Not once have I seen a whole article about men in power or their fashion sense in Wall Street Journal or any other newspaper. Yet 50 or more years later, the message for women is reinforced over and over. Whatever it is we try to do, we have to do it twice as well as men while we work twice as hard, plus we have to dress right, have the right hairdo, learn not to show too much emotion, and–should we ever make it to a position of power–the number one thing everybody will notice about us, and the press will write a feature story about, is what we wear and whether it’s appropriate.
So, this was also the case at Stanford where i got my Phd. The male faculty could dress however they wanted – one of them had an outfit that was entirely identical to the postal delivery uniforms – complete with wool blue shorts and just-below-the-knee black socks. He was a genius, so he could do what he liked. Every woman on the faculty was dressed TO THE NINES; only one woman faculty ever wore blue jeans, and she could have passed for a very attractive 20-year-old from the rear.
in my current department this is less true – the men remain variably sloppy, but the women also vary. so i like the environment alot better.
the sad thing is that fashion is fun and great clothes are really a pleasure, but the inequity of the whole thing can really undermine the joy.
You forgot about the haircut. Remember all the buzz about Hillary’s hair?
I think we ought to start writing about men wearing shorts. I went to the supermarket last night after class. It was cold; I think about 15F. There was a fat old man in shorts, looking ugly. I’m not jealous of the shorts, but what did he have in his head? I wear long underwear under my pants in this weather. Sometimes I think about wearing 2 pairs of long underwear.
Oh Please……….Nothhing about men and their threads? Seriously, thanks.
And too, RYN: It’s a long haul this week, and with my back, hip, and stomach all out at the same time, I’m marginal. Two more days to come…..both at baseball. The first entry is all three days at the golf Open, and the second two days will be about baseball. I only have so much time this time of year. Energy too. 🙂
Do those rich people dress uniquely because they are rich? Or they are rich because they dress differently?
I find that one of the traits about really successful people is that they don’t like to stand with the crowd. They’d rather be leading them. That’s why they turn out to be leaders in their field and not just stroll along with everyone else as society expects them to.
Now, couple this lack of desire to blend in with the fact they have quirky fashion sense… then voila… we have our fashion weirdos.

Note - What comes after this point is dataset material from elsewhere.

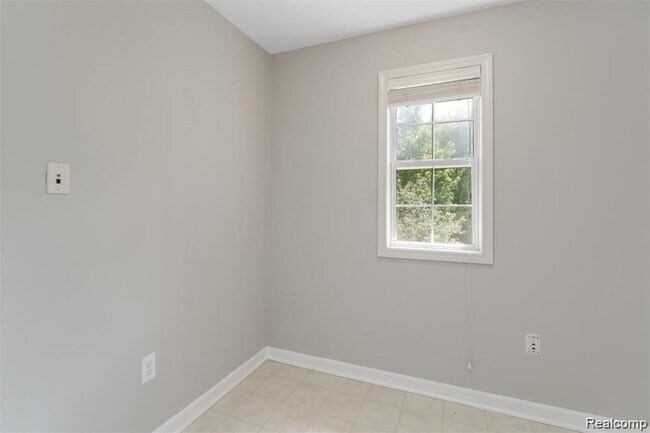 Building Photo - 28126 Carlton Way Dr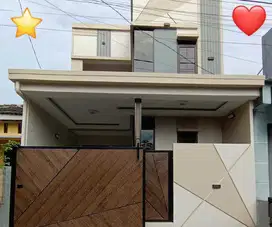 7806A 715 juta Di jual rumah mewah 2 lantai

If you refer to the man with the paper bag hat, Paul, you could be right. He could have become rich because he was willing to take big society (as well as economical) risks, but then he may have inherited all his money. This subject of how we dress is a very complex one indeed. But I do think the answer to the riddle of “do our clothes make us?” can be found in how we’d answer this question: if you were going to be spending the next week in the deep woods, with all the comforts to which you’re accustomed, how would you most likely be dressed. I think my “pajama day” vacations (when I never change from the time I get up until I’m ready for bed again) are a way of chilling out and just being, totally, myself while resisting the constraints society wants to inflict on me. Thanks to all of you for your comments.
I agree … there is a clear double standard on what is acceptable attire between the genders. I think it is even true about weight. But, as my husband points out everytime it happens, a lot of commercials on television make men look like they have no brains at all.
Hubby and I have noticed that as well, Edna.